__Task item__:
Copy the lines of the data below exactly, starting at the first and stopping after the line that contains "Collar Corazon Con"; include no pictures.
---
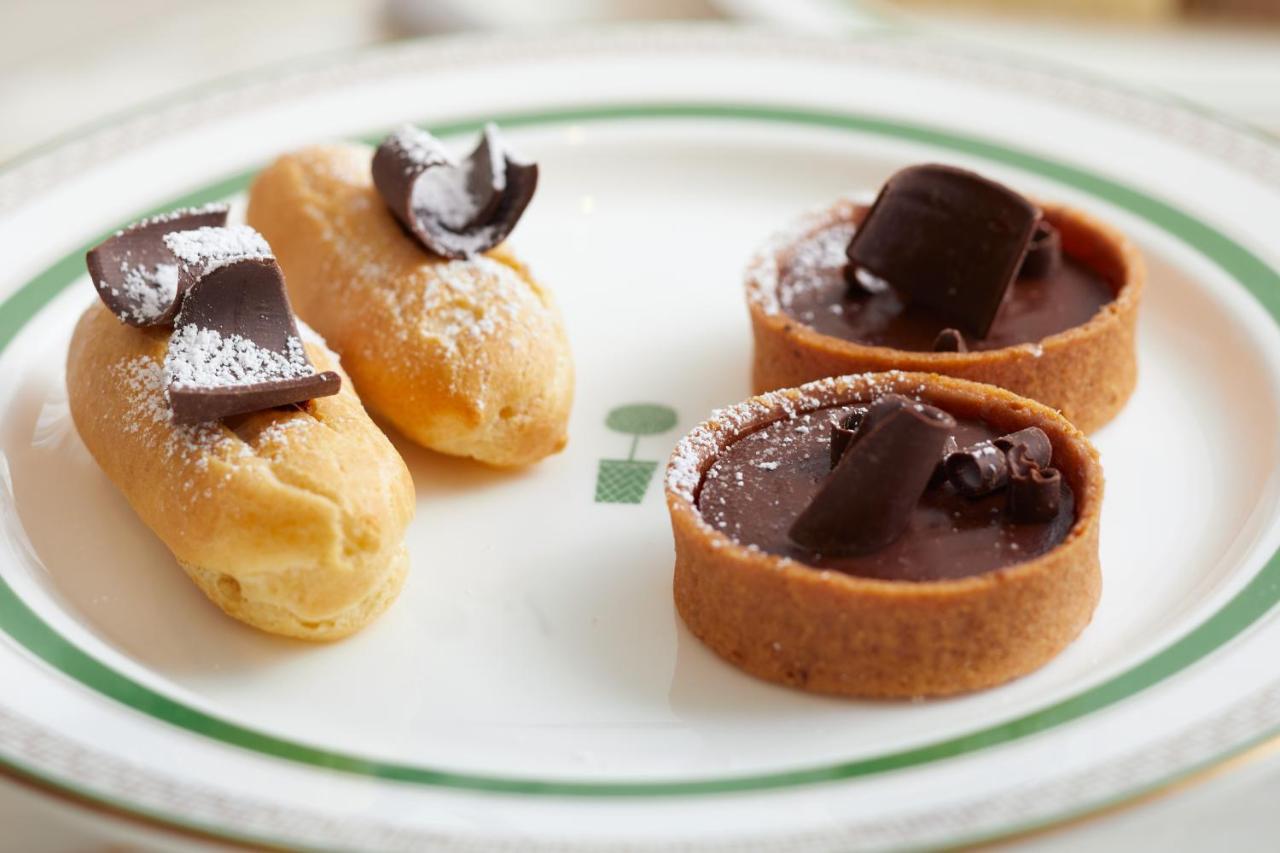 The London West Hollywood At Beverly Hills Екстер'єр фото Chocolate desserts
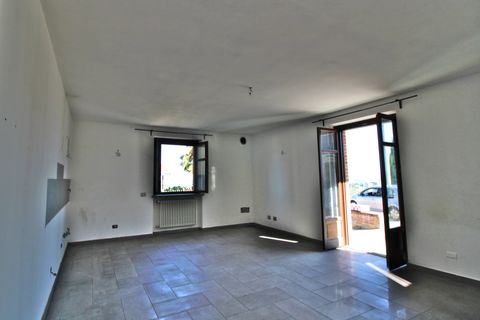 Lejlighed i Cisterna d'Asti, Asti, Cisterna d'Asti - € 160.000 | Ref: 87106666 - foto 2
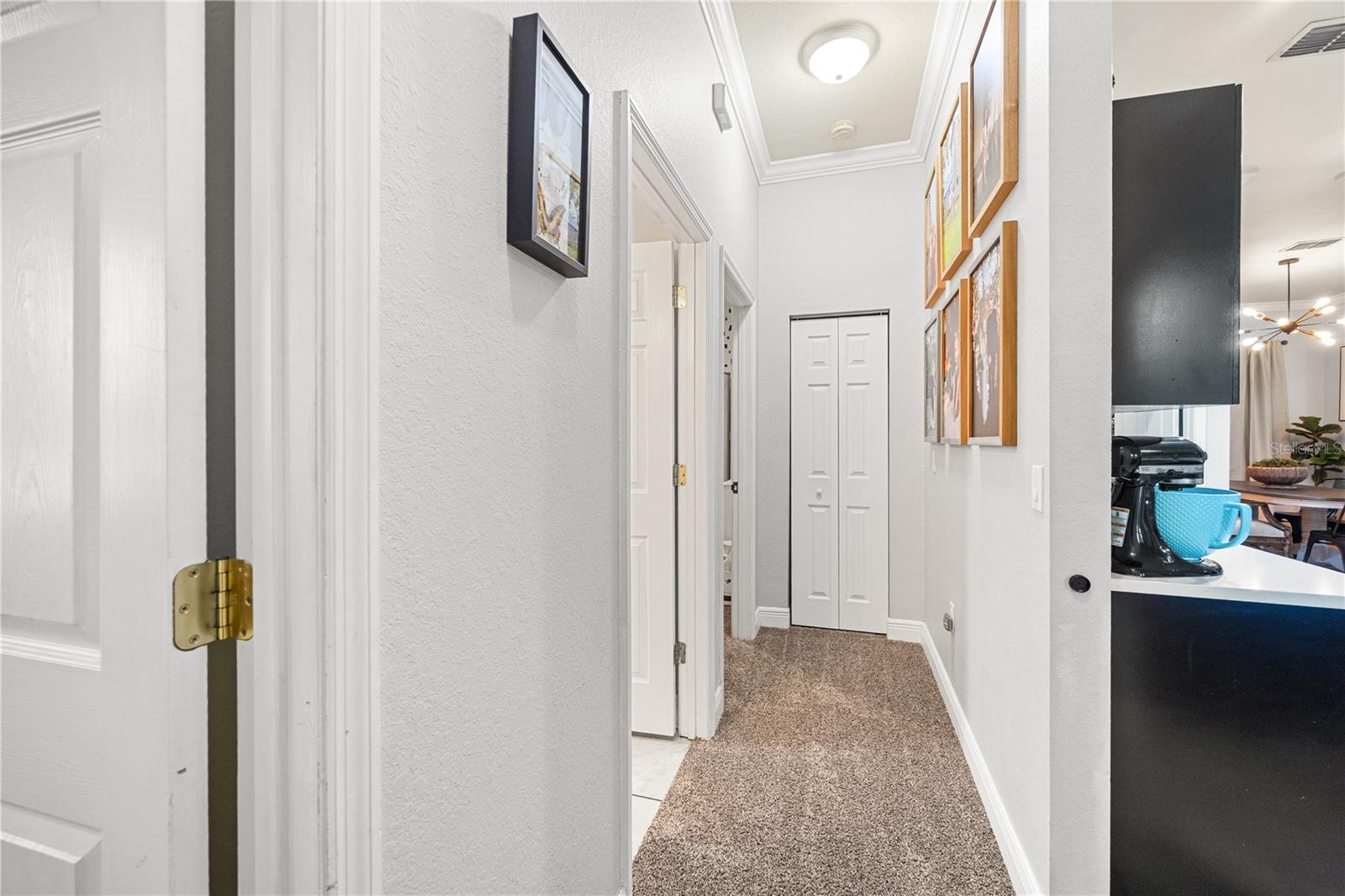 Image 33 of 49 For 1390 Cr 652a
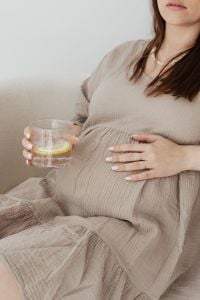 Pregnancy Lifestyle: Maternity Portraits, Wellness and Baby Prep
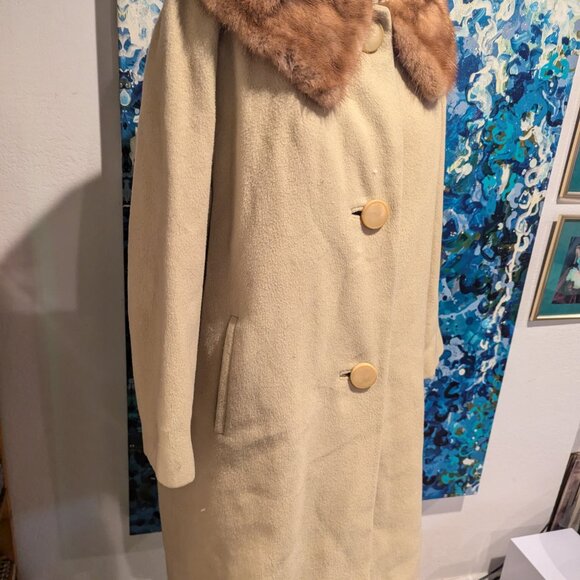 VINTAGE 60s cashmere ivory fur collar swing coat - Picture 2 of 7
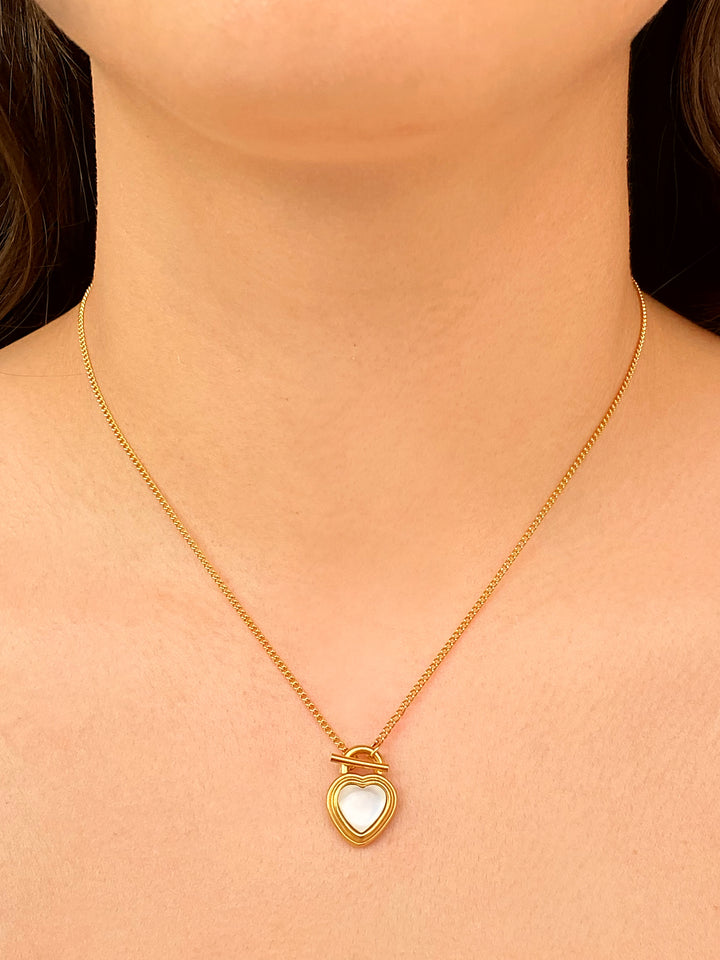 Collar Corazon Con Piedra Ojo de Gato y Cierre Frontal
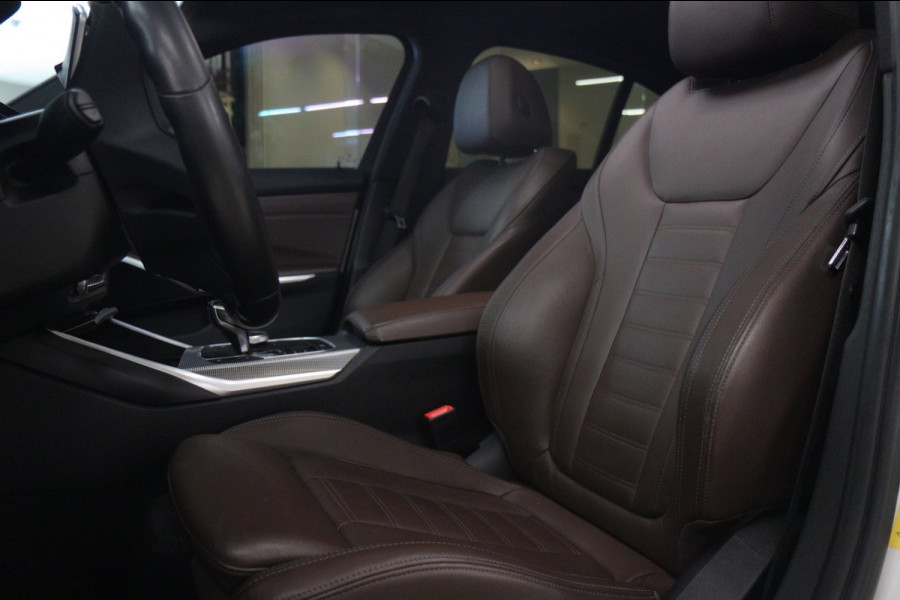 BMW 3-serie 330e High Executive M Sport /PANO/SFEER/CARPLAY/CAM/BOMVOL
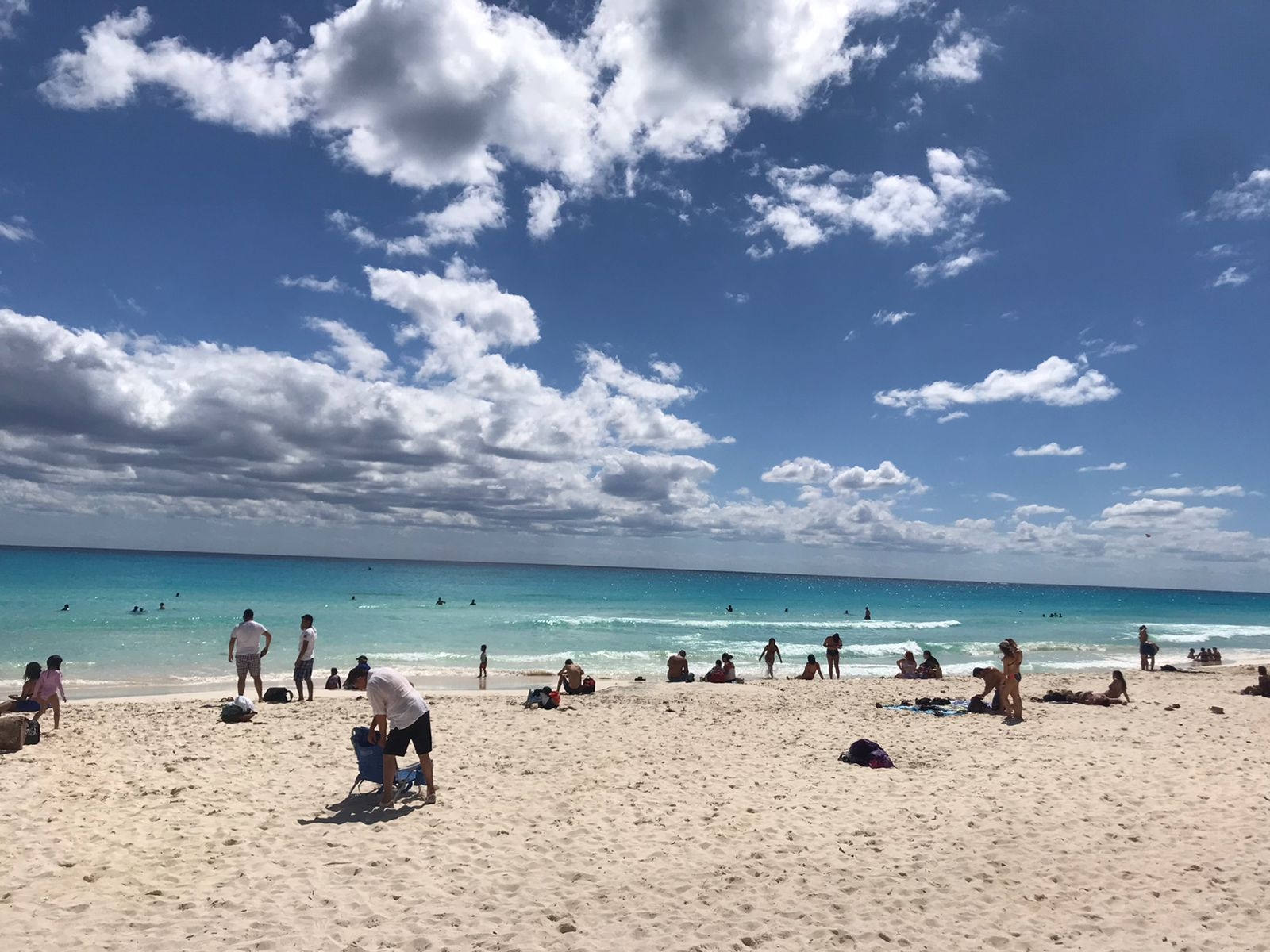 Quintanarroenses y turistas aprovechan el buen clima en las playas de Cancún: EN VIVO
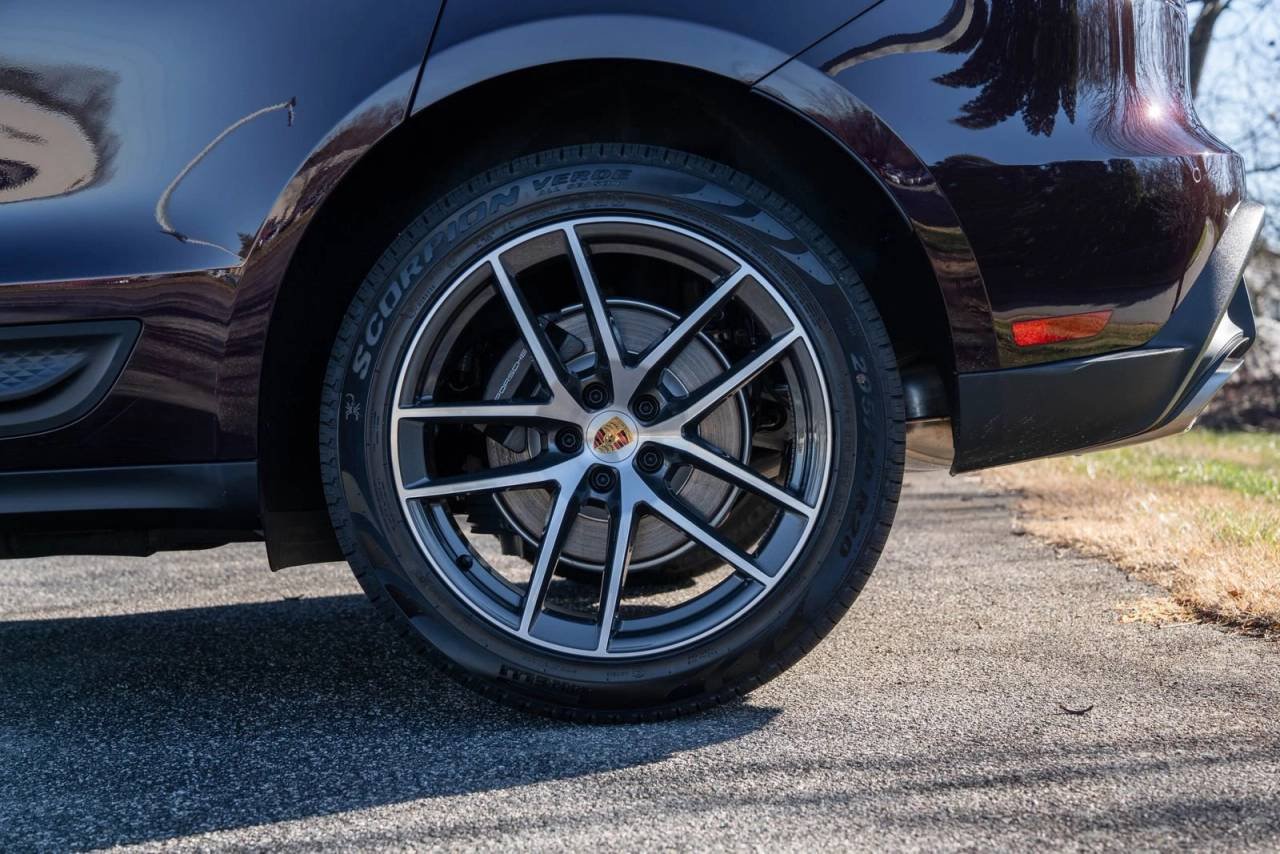 Used 2026  Porsche  image 12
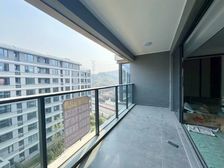 中央公园一环 豪装洋房 中间楼层 朝中庭 龙湖天街旁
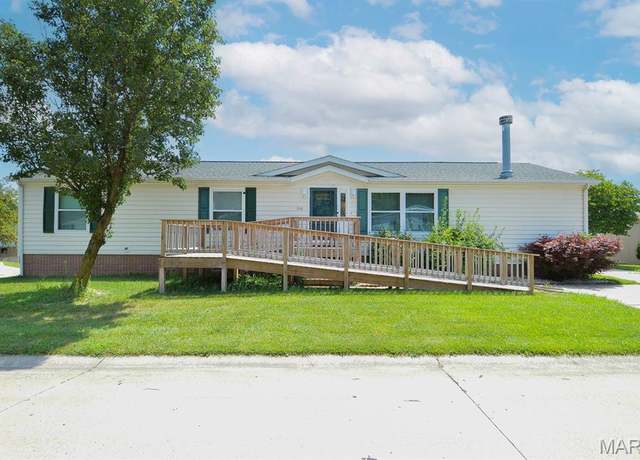 Property at 266 Woodland Trails Dr, Collinsville, IL 62234, 3 beds, 2 baths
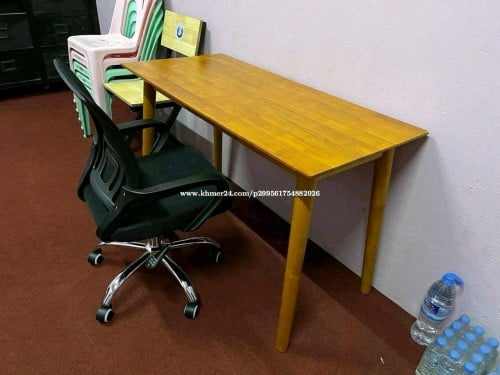 Wooden Desk set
---
__The answer__:
 The London West Hollywood At Beverly Hills Екстер'єр фото Chocolate desserts
 Lejlighed i Cisterna d'Asti, Asti, Cisterna d'Asti - € 160.000 | Ref: 87106666 - foto 2
 Image 33 of 49 For 1390 Cr 652a
 Pregnancy Lifestyle: Maternity Portraits, Wellness and Baby Prep
 VINTAGE 60s cashmere ivory fur collar swing coat - Picture 2 of 7
 Collar Corazon Con Piedra Ojo de Gato y Cierre Frontal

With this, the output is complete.